Generally speaking, the big endings are arranged according to the writing order of numbers, while the small endings are arranged in reverse.

Look at the diagram below to get a better understanding

Explain the principle of varint coding in detail

In the figure, the number 123456 is varint coded, and 123456 is represented by binary1 11100010 01000000, each time from low to high 7 bits plus the most significant bit becomes1100 0000 11000100 00000111So after varint encoding, 123456 takes up three bytes, which are192 196 7

The process of decoding is to take out the bytes in turn and remove the most significant bits. Because of the small end sorting, the bytes to be decoded first should be placed in the low position, and then the binary bits to be decoded should be placed in the high position of the binary that has been decoded before and finally converted to the decimal number to complete the decoding process of varint coding.

Coding implementation

Since the protocol buffer uses a lot of varint coding, Igithub.com/golang/protobuf/protoIn the library, a go language implementation method is found to encode and decode the data in varint, and the above-mentioned varint coding process is completed by bit operation in the code.

const maxVarintBytes = 10 // maximum length of a varint

//Returns the byte stream after varint type encoding
func EncodeVarint(x uint64) []byte {
    var buf [maxVarintBytes]byte
    var n int
    //The following coding rules need to be understood in detail:
    //1. The highest bit of each byte is the reserved bit. If it is 1, it indicates whether the next byte belongs to the current data. If it is 0, it is the last byte of the current data
    //Look at the following code. Since the highest bit of a byte is the reserved bit, only the following 7bits can save data in this byte
    //Therefore, if x > 127, the data needs to be saved larger than one byte, so the highest bit of the current byte is 1. See buf [n] = 0x80 |
    //0x80 indicates that the highest position of this byte is 1, and the following X & 0x7F is to obtain the lower 7-bit data of X, so the overall meaning of 0x80 | uint8 (X & 0x7F) is
    //The highest bit of this byte is 1, which means this is not the last byte, and the last 7 is the official data! Note that x > > = 7 should be set before the next byte is operated
    //2. If x < = 127, then x can be represented by 7bits now. Then the highest bit does not need to be 1, and it's ok if it's directly 0! So the last one is buf [n] = uint8 (x)
    //If the data is larger than one byte (127 is the maximum data of one byte), then continue, i.e. add 1 to the highest bit
    for n = 0; x > 127; n++ {
        //X & 0x7F means to take out the lower 7bit data, and 0x80 means to add 1 to the highest bit
        buf[n] = 0x80 | uint8(x&0x7F)
        //Move 7 bits to the right to continue the following data processing
        x >>= 7
    //Last byte data
    buf[n] = uint8(x)
    return buf[0:n]
  • 0x7FThe binary representation of is0111 1111, sox & 0x7FAnd operation, getxThe last seven bit bits of binary representation (the previous bit bits are discarded by doing bit and operation with 0)
  • 0x80The binary representation of is1000 0000, so0x80 | uint8(x&0x7F)It is to add 1 (MSB) before the last 7 bits of the extracted X

Decoding implementation

Decoding is the reverse process of coding. It can also be quickly and effectively completed by bit operation. It is not difficult to understand it by combining the following code notes and deducing it on paper again.

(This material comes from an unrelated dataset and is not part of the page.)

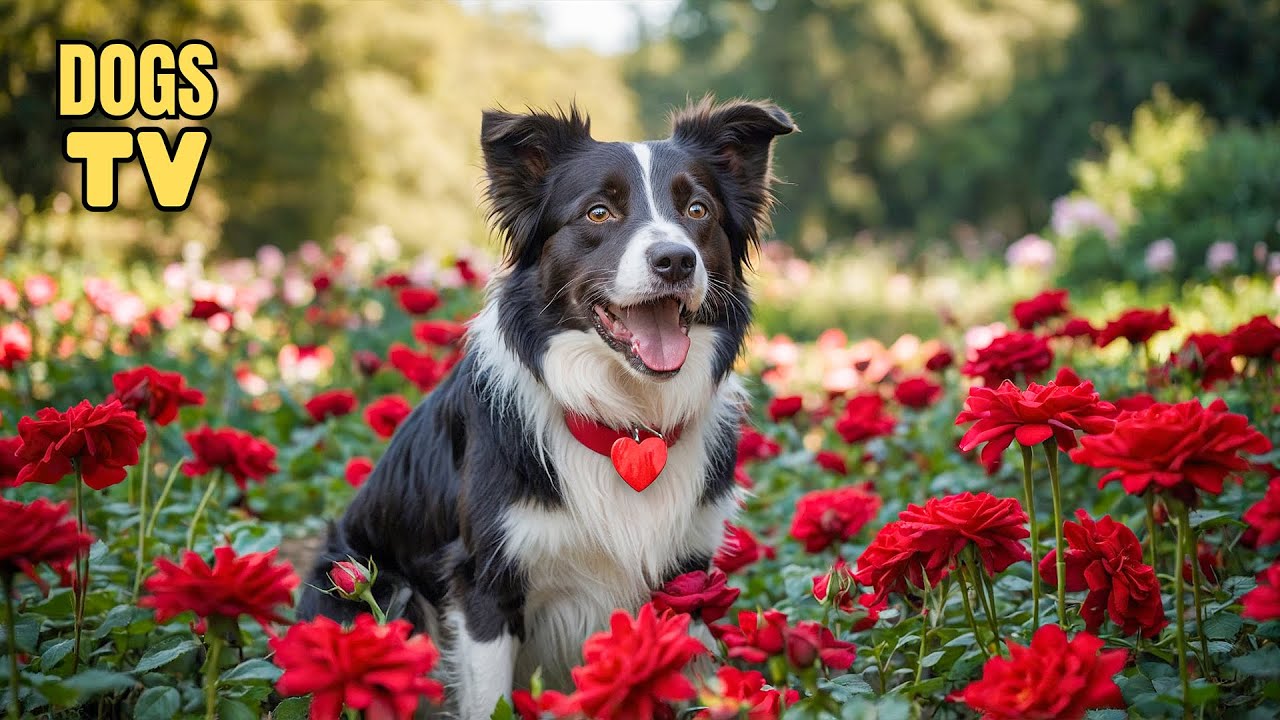 🔴Dog TV: лучшая музыка ко Дню святого Валентина, успокаивающая собак | Лучший телевизор для собак...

func DecodeVarint(buf []byte) (x uint64, n int) {
    for shift := uint(0); shift < 64; shift += 7 {
        if n >= len(buf) {
            return 0, 0
        b := uint64(buf[n])
    //This is divided into three steps:
        //1: B & 0x7F get the lower 7bits valid data
        //2: (B & 0x7F) < shift because it is a small end sequence, each time a byte data is processed, it needs to move 7bits to the high order
        //3: put the data X together with the current byte data
        x |= (b & 0x7F) << shift
        if (b & 0x80) == 0 {
            return x, n

    // The number is too large to represent in a 64-bit value.
    return 0, 0


The coding and decoding process of varint will be understood here. It will be much easier to understand the coding principle of protocol buffer after understanding the coding principle of varint.